Donnerstagmittag, in einem kleinen Fernsehstudio in der Kölner Innenstadt. Hier wird gerade das "Probono Magazin" nach und nach zusammengeschraubt; die Redakteure zeichnen dafür nacheinander ihre Aufsager auf oder schneiden kleine Einspielfilme zurecht - bis dann so gegen Abend eine neue Folge bei Youtube hochgeladen wird, ungefähr fünf bis zwölf Minuten lang.
"63 Prozent aller Deutschen lehnen den Verkauf von Weihnachtsgebäck im September ab. Hersteller sind entsetzt.

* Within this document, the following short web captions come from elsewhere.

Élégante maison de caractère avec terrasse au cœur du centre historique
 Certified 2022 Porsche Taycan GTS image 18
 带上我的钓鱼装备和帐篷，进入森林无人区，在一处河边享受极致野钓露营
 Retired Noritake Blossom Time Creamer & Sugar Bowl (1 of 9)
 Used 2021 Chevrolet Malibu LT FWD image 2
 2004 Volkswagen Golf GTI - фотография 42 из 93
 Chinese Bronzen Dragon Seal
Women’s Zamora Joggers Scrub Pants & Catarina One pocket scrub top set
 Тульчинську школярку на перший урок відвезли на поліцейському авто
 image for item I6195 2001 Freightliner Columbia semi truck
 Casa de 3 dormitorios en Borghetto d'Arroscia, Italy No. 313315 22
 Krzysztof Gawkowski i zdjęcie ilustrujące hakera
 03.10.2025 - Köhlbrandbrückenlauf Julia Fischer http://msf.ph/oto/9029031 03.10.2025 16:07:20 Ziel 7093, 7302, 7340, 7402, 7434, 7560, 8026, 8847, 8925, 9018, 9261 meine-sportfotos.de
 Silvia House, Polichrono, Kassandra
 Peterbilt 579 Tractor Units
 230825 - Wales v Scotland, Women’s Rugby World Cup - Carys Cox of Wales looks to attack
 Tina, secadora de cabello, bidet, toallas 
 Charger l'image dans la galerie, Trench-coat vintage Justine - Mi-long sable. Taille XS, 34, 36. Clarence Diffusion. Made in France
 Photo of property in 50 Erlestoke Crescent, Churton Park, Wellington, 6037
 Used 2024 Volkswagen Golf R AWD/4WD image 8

Der Verbraucher wolle den Stoff schon so früh, und schließlich sei das ja auch Herbstgebäck."
So geht's meistens los, beim "Probono Magazin", irgendein Thema wird ein paar Sekunden lang satirisch aufgespießt, und dann geht's weiter, vor allem mit aufgesagten Kommentaren; zu allem, was in der Bundespolitik so vor sich geht; oft auch, was andere Medien schreiben oder senden; oder zu Themen, die woanders eher mal untergehen.
"...ein genialer Plan, den sich die spanische Regierung da hat einfallen lassen: So lange Geld von Demonstranten einsammeln, bis die Staatskasse wieder aufgefüllt ist, die Wirtschaftskrise beendet und es damit auch keinen Grund mehr für Demonstrationen gibt."
Ereignisse werden nicht eins zu eins abgebildet; das Ziel ist nicht die klassische Nachricht. Was aber so richtig das Ziel ist, das ist ganz bewusst nicht festgeschrieben, sagt Friedrich Küppersbusch, alter Hase im Fernsehgeschäft und Chef von probono.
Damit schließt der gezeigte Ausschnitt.